Danilo Bolaños, from Leiva, Narino, attempted murder November 19

Bolaños, a member of the Association of Campesino Workers of Nariño (Astracan), was on his motorcycle, returning from a meeting of local pro-peace groups, when a hitman riding on the back of another motorcycle fired six shots at him from a handgun. All missed. Verdad Abierta reports that he had not received any threats beforehand, “and the only thing he know of was a pamphlet with the ‘self-defense groups’’ initials that had circulated in Leiva, without mentioning either him or Astracan.”

Rodrigo Cabrera Cabrera, from Policarpa, Nariño, murdered November 20

Like many of the victims listed here, Cabrera was a member of the Marcha Patriótica. “As a member of the Marcha Patriótica, he actively supported diverse peace initiatives,” reports the Center for Historical Memory, including the designation of a village in Policarpa as a zone for FARC disarmament.
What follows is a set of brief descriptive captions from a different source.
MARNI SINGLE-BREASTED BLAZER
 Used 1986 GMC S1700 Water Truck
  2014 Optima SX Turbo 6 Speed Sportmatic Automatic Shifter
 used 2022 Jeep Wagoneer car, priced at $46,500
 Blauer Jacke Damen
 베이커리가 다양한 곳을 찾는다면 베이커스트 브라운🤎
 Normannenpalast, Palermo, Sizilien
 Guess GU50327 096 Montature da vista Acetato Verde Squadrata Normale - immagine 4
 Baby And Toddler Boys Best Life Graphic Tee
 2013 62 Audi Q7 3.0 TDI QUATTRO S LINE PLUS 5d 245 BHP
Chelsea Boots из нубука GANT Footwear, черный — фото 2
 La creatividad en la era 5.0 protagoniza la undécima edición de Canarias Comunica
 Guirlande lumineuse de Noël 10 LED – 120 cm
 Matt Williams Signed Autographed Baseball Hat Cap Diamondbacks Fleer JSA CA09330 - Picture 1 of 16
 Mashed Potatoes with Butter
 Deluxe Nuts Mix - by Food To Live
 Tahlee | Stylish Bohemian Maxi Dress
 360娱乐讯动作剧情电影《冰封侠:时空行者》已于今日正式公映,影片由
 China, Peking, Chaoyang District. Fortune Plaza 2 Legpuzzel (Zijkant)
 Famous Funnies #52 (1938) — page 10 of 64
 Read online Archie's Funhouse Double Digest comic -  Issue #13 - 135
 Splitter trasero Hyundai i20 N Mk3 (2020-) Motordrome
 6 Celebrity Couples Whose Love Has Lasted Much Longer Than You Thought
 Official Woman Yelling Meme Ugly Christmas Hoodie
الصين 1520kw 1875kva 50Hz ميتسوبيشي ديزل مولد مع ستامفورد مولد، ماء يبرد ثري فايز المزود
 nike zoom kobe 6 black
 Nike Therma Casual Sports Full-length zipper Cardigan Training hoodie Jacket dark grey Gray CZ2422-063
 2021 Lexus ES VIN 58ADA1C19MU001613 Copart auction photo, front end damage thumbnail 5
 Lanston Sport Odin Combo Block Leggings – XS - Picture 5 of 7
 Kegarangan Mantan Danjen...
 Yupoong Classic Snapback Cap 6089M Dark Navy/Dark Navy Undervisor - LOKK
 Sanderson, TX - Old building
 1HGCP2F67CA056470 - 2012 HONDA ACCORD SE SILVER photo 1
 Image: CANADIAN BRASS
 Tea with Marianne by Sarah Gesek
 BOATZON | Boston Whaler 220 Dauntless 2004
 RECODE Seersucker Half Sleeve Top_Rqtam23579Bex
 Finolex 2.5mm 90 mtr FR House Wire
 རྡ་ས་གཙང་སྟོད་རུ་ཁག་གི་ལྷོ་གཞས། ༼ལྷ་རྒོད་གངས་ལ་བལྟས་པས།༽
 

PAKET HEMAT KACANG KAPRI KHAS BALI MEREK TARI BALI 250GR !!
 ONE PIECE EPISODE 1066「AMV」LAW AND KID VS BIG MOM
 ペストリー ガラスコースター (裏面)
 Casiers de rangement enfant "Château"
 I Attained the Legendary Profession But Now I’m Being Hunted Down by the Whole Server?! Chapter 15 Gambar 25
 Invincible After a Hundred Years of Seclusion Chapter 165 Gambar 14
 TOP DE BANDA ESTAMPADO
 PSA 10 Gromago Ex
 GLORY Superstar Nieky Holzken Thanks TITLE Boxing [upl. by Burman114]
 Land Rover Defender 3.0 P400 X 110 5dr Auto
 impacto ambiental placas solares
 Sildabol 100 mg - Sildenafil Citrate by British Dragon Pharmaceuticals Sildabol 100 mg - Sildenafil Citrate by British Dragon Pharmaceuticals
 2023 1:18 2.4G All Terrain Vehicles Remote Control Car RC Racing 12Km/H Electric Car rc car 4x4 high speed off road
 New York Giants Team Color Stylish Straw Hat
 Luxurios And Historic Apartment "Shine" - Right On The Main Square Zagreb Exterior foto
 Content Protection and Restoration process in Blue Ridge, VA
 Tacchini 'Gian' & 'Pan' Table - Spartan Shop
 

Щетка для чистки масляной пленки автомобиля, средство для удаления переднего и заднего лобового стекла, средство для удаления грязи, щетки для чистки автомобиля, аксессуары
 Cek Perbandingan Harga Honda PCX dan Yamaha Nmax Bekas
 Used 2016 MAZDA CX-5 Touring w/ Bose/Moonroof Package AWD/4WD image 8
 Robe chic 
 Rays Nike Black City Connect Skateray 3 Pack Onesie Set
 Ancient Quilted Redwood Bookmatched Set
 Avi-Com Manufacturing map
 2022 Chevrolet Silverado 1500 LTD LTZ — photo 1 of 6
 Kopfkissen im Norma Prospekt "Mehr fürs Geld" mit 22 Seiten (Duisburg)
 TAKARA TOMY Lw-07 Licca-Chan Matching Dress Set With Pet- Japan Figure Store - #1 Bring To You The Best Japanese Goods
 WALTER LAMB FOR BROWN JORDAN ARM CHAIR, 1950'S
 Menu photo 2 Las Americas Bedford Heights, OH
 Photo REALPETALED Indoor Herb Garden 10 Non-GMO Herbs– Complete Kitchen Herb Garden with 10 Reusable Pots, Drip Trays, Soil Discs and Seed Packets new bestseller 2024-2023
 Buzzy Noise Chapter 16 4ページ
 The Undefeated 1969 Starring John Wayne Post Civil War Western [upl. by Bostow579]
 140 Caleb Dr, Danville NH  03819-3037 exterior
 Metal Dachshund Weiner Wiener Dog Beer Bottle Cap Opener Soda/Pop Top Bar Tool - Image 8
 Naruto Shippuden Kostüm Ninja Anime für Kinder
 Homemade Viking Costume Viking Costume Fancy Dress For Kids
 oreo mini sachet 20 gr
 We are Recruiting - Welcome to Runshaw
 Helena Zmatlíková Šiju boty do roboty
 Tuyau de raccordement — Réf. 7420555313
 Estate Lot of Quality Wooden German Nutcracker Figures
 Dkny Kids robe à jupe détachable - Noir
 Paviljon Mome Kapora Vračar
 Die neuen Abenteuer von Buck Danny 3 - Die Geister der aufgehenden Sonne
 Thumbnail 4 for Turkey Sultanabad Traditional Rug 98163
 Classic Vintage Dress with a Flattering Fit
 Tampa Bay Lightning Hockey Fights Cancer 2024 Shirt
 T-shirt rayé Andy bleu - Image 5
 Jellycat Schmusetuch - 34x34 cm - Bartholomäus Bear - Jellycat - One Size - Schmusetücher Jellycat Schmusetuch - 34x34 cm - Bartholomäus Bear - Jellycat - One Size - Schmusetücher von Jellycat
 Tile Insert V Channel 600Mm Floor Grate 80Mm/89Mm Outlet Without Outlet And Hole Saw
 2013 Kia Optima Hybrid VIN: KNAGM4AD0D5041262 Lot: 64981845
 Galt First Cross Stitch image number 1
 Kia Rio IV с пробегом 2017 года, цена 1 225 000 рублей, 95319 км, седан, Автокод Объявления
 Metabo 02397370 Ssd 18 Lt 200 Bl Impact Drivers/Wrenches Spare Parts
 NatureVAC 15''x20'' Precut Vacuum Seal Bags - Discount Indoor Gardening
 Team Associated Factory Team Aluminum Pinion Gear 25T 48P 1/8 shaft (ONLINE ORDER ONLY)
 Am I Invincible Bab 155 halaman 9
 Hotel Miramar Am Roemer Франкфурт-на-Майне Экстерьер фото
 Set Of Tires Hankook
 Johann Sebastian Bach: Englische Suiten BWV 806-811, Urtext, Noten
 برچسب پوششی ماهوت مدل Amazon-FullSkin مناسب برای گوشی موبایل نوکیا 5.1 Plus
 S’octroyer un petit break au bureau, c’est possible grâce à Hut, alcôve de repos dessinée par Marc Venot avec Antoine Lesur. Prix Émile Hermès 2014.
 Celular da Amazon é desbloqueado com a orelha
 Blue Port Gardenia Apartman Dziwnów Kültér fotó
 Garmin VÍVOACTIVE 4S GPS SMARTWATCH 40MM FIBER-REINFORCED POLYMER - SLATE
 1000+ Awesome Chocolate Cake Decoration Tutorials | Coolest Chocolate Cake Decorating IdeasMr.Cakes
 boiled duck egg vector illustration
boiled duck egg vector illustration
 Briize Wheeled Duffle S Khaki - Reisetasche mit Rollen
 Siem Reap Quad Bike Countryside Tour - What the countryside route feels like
Cabrera had not been threatened before the 20th, when two masked men intercepted his motorcycle and shot him 12 times.

Rather than push for an investigation, the mayor of Policarpa, Claudia Inés Cabrera (no relation), denied that the murder had any political motivation. The victim “isn’t recognized as a community leader,” she said. After a security meeting between the mayor and local law enforcement, a statement contended that Cabrera’s father said “he was apathetic about politics and had never belonged to a political group.” The victim’s father, Sergio Cabrera, told reporters that no, “he liked politics, but not too much. He was a man of peace.” Lizeth Moreno, a local Marcha Patriótica leader, noted that “in her communiqué, the mayor doesn’t even reject the homicide, she justifies it saying that Rodrigo presumably had a [criminal] past.”

Froidan Cortés Preciado, from Buenaventura, Valle del Cauca, murdered November 23

Cortés, a boat mechanic and member of the Marcha Patriótica and at least two local human rights networks, had been organizing protests against forced coca eradication in the rural zone of Buenaventura. A red boat with three black-clad men who were unfamiliar to eyewitnesses brought Cortés from his workshop to his home, where they shot him to death.

Marcelina Canacué, from Palermo, Huila, murdered November 25

Canacué, a 60-year-old member of her township’s Community Action Board and of the Marcha Patriótica, was shot three times on a road near her home. Though active, she was not considered a prominent social leader. “She was part of the Marcha Patriótica, one of those people who goes to all of the events and meetings,” an acquaintance told the Center for Historical Memory.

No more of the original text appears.